**Directions for this task**.
Only one span of the material below is wanted. Output it exactly, from the line with "Pohlednice Srdečné blahopřání" through the line with "Carica l'immagine nel", without any pictures.
======== Data for this exercise
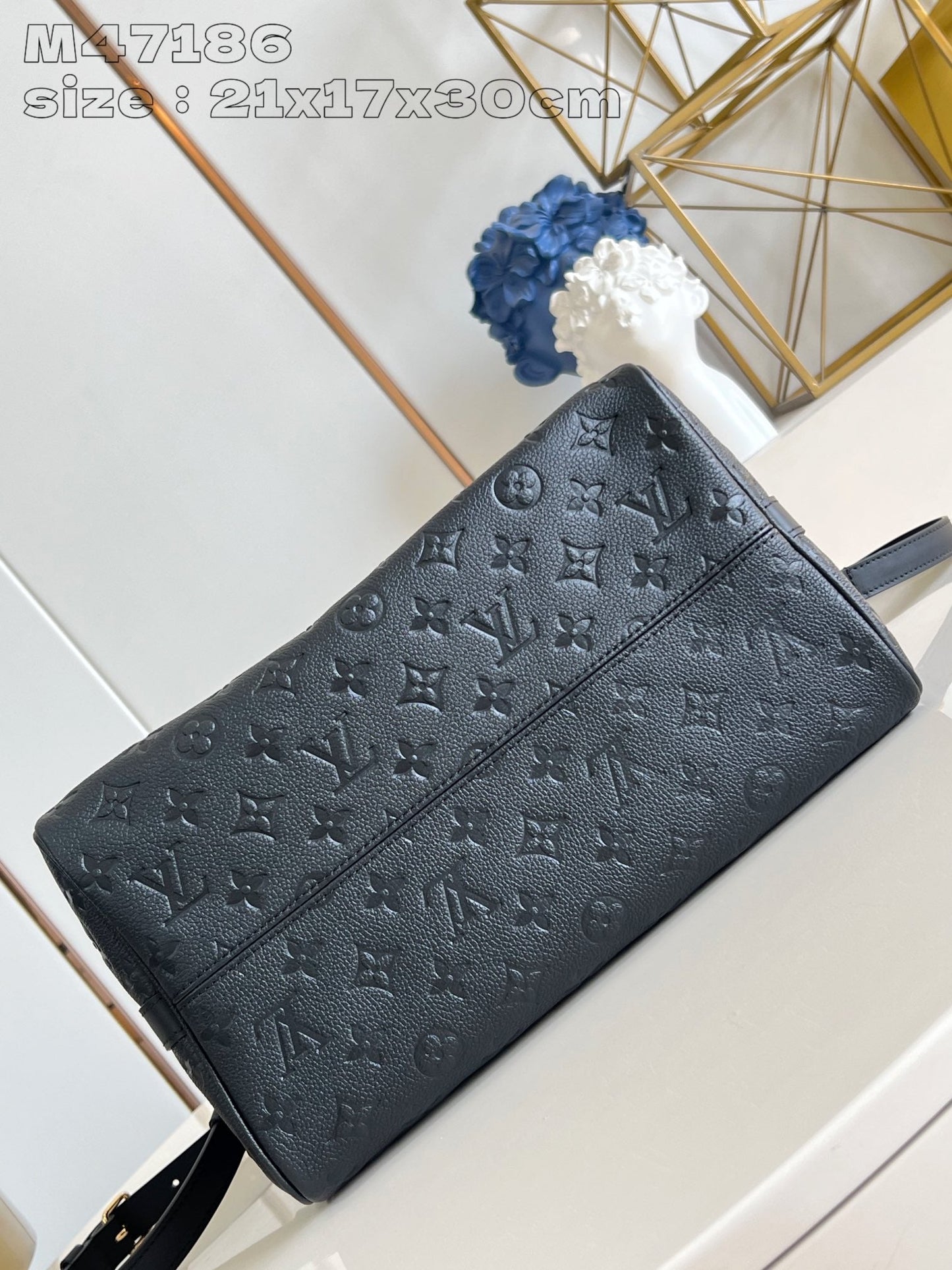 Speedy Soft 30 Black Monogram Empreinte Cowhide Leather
================
======== Data for this exercise
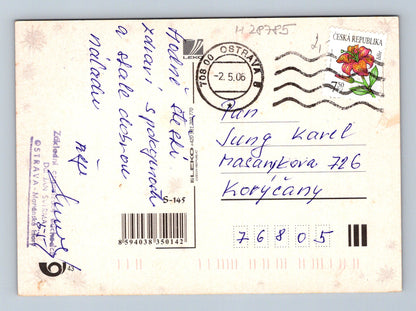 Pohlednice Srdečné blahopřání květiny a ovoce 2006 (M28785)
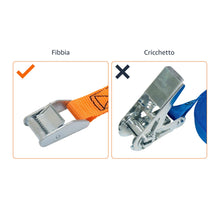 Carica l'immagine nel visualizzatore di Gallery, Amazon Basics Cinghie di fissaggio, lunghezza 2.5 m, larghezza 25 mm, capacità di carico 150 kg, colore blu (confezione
================
**Exercise solution**.
 Pohlednice Srdečné blahopřání květiny a ovoce 2006 (M28785)
 Carica l'immagine nel visualizzatore di Gallery, Amazon Basics Cinghie di fissaggio, lunghezza 2.5 m, larghezza 25 mm, capacità di carico 150 kg, colore blu (confezione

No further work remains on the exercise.